Joe, a campaign whiz kid, helps Marcus Sanchez become the first Republican Latino mayor of Nashville. Marcus and Maria are the Platonic form of shiny perfect people, so it’s easy for Joe to believe in them. Now he’s being tapped for the big time. Joe’s sassy gay bestie Pete, because even a gay man needs a sassy gay bestie sometimes, points out a super sexy, clean cut blond guy at Marcus Sanchez’s victory party, and wouldn’t you know it, that’s Joe’s next client, David. Joe and David start out professional, accidentally having flirtation thoughts that they try to suppress. David is a widower who loves attention, and Joe is a career-minded person with his own side piece. But they are inexorably drawn by their shared horniness to becoming a couple of gay Republicans together. And I know they’re Republicans, because Morales never mentions what political party any of these people work for. Also “grocery store owner turned first Latino mayor” is definitely the author insert in Marco Rubio’s anonymously written crime novel.

In My Accidental First Date, Morales doxxed himself as your dad’s fishing buddy in several places, including a comment about a lover’s “sensuous Orville Redenbacher breath.” You’ll be glad to know, he keeps up that practice in Winning His Vote. My favorite line is when a woman with a sparkling personality is said to “make Ronald Reagan look uncharismatic.” For younger readers, Ronald Reagan was a kaiju that came to shore in 1980 and was never defeated in battle. During its reign of destruction it was known by many names, including Abaddon the Destroyer, or Shulak the Lurker in the Dark. The Inca knew it as Supay, Lord of the Underworld. Republicans called Ronald Reagan “the Great Communicator,” because of its folksy demeanor. Imagine Saturn devouring his children, but he’s saying “aw shucks” between bites. Point is, no one under the age of sixty remembers Ronald Reagan as charismatic. That brand had a very short shelf life, so this is another ring in the redwood that we can use to date Casey Morales and place him in his cultural and political context.

But has he improved as a writer? My Accidental First Date had a few unintentionally creepy moments where people were a little… Aziz Ansari when they were told “no.” If you’re going to have dubcon in your book, it needs to be deliberate enough that the reader knows that you know that it’s all in good smutty fun. It’s a lot less fun if you’re writing The Story of the Eye, and it comes across like you think you’re writing To All the Boys I’ve Loved Before. Winning His Vote doesn’t have much in the way of dubcon, but it does show a marked improvement in communicating to the audience when the author knows that what’s happening on the page should not be taken as normal romance. Boundaries are respectfully acknowledged, and then Marie Kando’d right out the window, the way God intended. That’s what I call progress.

OK, four books, with mixed-to-positive results.

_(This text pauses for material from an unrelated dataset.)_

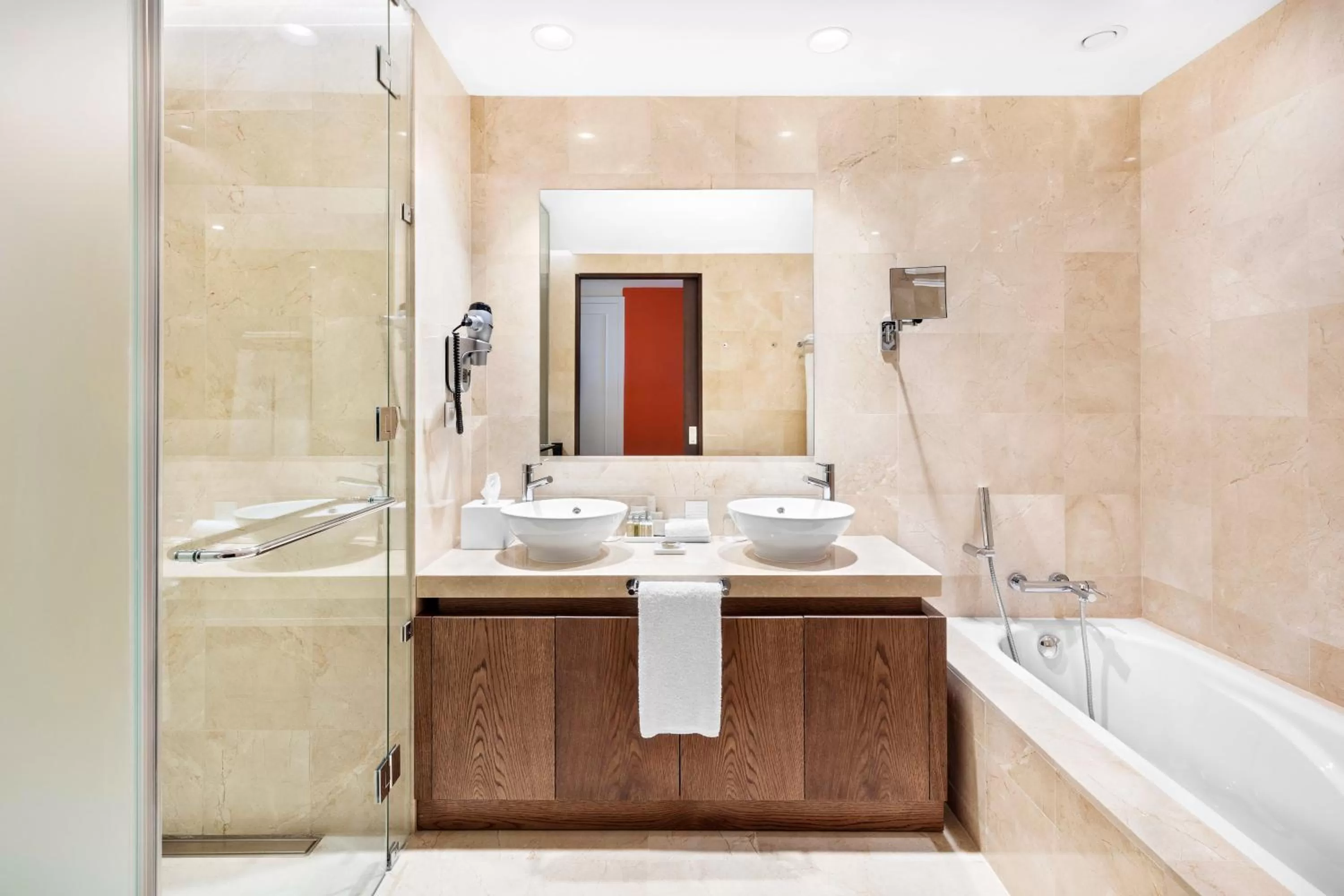 Toilet in Cascade Wellness Resort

I’ve read enough books that are a-sequel-to-a-book-you’ve-never-read-simulators that it’s weird reading something and thinking “Oh yeah, I remember the donkey guy who helped the spider get to the monaste- sweet Jesus I’ve wasted my life.” I like the idea of writers going on a journey that the readers can tag along for. And while today’s crop haven’t changed much, they still deliver the things that made them worth reading in the first place. As usual, I would recommend any of these authors if you fancy yourself an explorer of the more dragon-y corners of the self-published world map. In the mean time, I’ll be away for the holidays, and the sequel to this post will have to wait until next year.

Sequels are the cold sores of the literary world.